200701 12/01/2007 A Southern W 68 51
200702 12/03/2007 A Northern L 54 58
200703 12/05/2007 A Eastern W 77 76
200704 12/07/2007 H Western L 59 78

How would I query those examples I have listed above which are based off the previous record(s).

Any help from anyone would be greatly appreciated.

Thank you again for time.

----------


## Greg Larsen

Here are a couple of examples of some subqueries in a where statement that might help you resolve your post. 

Greg

set nocount on
create table Results (
ID int,  
DATE smalldatetime, 
SITE char(1), 
TEAM varchar(20), 
RESULT char(1), 
PF tinyint, 
PA tinyint)

insert into Results values(200701,'12/01/2007',  'A', 'Southern', 'W', 68, 51)
insert into Results values(200702, '12/03/2007', 'A', 'Northern', 'L', 54, 58)
insert into Results values(200703, '12/05/2007', 'A', 'Eastern', 'W', 77, 76)
insert into Results values(200704, '12/07/2007', 'H', 'Western', 'L', 59, 78)

-- display first home game after last away game
select top 1 * from Results 
  where DATE > (select max(DATE) from Results where SITE = 'A')

-- display how team did after they last lose
select top 1 * from Results 
  where DATE > (select max(DATE) from Results where RESULT = 'W')

drop table Results

----------


## ejjonesjr

Thank you, but it is returning no results. 

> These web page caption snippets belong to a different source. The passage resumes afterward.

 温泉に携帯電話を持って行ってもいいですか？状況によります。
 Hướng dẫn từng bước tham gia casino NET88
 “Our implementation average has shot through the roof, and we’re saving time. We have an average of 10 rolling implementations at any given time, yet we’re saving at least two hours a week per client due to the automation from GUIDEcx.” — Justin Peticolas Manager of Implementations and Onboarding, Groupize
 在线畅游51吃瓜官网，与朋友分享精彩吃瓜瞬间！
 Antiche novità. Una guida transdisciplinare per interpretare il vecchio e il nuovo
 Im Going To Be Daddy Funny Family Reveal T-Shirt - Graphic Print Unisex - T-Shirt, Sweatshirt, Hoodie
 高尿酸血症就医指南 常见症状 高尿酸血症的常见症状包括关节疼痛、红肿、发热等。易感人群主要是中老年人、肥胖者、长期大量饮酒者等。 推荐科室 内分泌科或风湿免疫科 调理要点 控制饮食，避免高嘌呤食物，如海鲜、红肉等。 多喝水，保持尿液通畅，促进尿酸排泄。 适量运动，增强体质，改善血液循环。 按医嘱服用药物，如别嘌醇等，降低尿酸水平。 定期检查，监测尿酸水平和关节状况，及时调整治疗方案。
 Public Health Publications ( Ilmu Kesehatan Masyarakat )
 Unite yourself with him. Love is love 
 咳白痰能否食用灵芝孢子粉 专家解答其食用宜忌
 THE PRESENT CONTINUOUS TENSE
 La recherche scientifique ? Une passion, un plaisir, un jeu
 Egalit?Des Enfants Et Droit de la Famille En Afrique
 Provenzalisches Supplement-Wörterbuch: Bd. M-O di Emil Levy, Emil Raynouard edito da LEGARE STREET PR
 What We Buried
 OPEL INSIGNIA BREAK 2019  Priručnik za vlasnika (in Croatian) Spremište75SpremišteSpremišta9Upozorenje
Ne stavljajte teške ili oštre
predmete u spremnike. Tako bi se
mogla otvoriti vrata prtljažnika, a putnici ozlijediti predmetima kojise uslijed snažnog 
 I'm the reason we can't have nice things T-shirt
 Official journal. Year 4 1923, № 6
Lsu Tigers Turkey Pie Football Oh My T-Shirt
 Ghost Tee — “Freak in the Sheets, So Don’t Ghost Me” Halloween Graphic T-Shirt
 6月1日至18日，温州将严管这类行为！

Here is the query I am using

SELECT TOP 1 *
FROM test
WHERE date>(SELECT max(date) FROM test WHERE su = 'w');

----------


## Greg Larsen

What do you get from this query?

SELECT max(date) FROM test WHERE su = 'w'

Are there any records in your "test" table with a date greater then the one returned from the above query?  If not that is why your a seeing no results.

----------


## t3chn0n3rd

I would use really good nested functions

----------


## ejjonesjr

There are no dates in the table greater than the date I get from this query.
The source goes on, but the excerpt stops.